[Exercise data]

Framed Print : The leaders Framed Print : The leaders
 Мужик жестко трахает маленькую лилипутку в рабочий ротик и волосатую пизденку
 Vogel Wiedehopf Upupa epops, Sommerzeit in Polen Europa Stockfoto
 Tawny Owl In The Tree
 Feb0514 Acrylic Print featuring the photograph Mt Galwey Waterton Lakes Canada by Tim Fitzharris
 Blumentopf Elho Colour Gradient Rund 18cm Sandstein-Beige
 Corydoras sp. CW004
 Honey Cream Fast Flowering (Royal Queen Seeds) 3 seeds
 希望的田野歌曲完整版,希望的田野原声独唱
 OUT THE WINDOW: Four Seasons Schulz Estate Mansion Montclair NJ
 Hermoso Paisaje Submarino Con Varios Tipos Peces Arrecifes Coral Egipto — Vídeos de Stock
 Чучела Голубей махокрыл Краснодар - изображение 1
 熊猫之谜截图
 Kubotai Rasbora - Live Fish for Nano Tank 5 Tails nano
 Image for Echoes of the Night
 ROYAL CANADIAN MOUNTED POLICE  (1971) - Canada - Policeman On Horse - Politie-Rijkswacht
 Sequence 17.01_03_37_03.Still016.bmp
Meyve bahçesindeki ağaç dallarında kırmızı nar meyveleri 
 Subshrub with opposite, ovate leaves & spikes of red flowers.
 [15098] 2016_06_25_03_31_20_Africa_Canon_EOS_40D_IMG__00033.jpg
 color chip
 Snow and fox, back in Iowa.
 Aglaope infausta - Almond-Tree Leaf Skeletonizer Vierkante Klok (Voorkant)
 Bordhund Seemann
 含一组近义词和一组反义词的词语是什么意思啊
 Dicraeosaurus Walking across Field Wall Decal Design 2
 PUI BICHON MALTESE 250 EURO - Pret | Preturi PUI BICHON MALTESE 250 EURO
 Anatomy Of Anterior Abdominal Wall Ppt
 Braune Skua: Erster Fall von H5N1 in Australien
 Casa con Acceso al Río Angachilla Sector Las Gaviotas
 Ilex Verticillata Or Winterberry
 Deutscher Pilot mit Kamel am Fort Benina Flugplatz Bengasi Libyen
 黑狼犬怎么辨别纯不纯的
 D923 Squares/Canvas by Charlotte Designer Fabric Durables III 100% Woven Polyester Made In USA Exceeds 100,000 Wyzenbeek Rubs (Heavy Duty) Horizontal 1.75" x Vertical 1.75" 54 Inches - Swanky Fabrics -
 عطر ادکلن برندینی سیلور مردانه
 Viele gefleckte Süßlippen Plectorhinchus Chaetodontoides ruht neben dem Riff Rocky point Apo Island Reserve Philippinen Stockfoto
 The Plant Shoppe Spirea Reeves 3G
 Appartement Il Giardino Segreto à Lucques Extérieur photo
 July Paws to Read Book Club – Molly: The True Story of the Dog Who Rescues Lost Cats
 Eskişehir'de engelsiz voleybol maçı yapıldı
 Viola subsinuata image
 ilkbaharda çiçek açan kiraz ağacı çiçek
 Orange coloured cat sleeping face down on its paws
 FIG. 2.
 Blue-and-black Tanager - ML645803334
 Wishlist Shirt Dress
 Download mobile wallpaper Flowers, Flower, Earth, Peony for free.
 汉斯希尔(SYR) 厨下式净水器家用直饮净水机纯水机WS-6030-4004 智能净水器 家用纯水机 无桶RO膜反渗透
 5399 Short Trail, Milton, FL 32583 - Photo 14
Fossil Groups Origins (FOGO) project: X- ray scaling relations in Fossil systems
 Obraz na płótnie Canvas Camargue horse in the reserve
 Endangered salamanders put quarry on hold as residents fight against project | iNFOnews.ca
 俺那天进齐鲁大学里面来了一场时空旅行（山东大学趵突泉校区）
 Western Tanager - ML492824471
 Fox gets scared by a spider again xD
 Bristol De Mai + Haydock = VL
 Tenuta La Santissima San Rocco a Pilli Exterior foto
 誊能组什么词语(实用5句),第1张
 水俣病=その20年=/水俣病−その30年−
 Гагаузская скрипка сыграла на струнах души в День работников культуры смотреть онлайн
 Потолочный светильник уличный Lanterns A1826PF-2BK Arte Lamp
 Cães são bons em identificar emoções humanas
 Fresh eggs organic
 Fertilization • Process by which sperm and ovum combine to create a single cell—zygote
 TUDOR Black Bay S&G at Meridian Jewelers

[/Exercise data]

• _Assigned task_:
Repeat the data word for word, starting at its first line and stopping after the line that contains "Feb0514 Acrylic Print".

• _Answer to this problem_:
Framed Print : The leaders Framed Print : The leaders
 Мужик жестко трахает маленькую лилипутку в рабочий ротик и волосатую пизденку
 Vogel Wiedehopf Upupa epops, Sommerzeit in Polen Europa Stockfoto
 Tawny Owl In The Tree
 Feb0514 Acrylic Print featuring the photograph Mt Galwey Waterton Lakes Canada by Tim Fitzharris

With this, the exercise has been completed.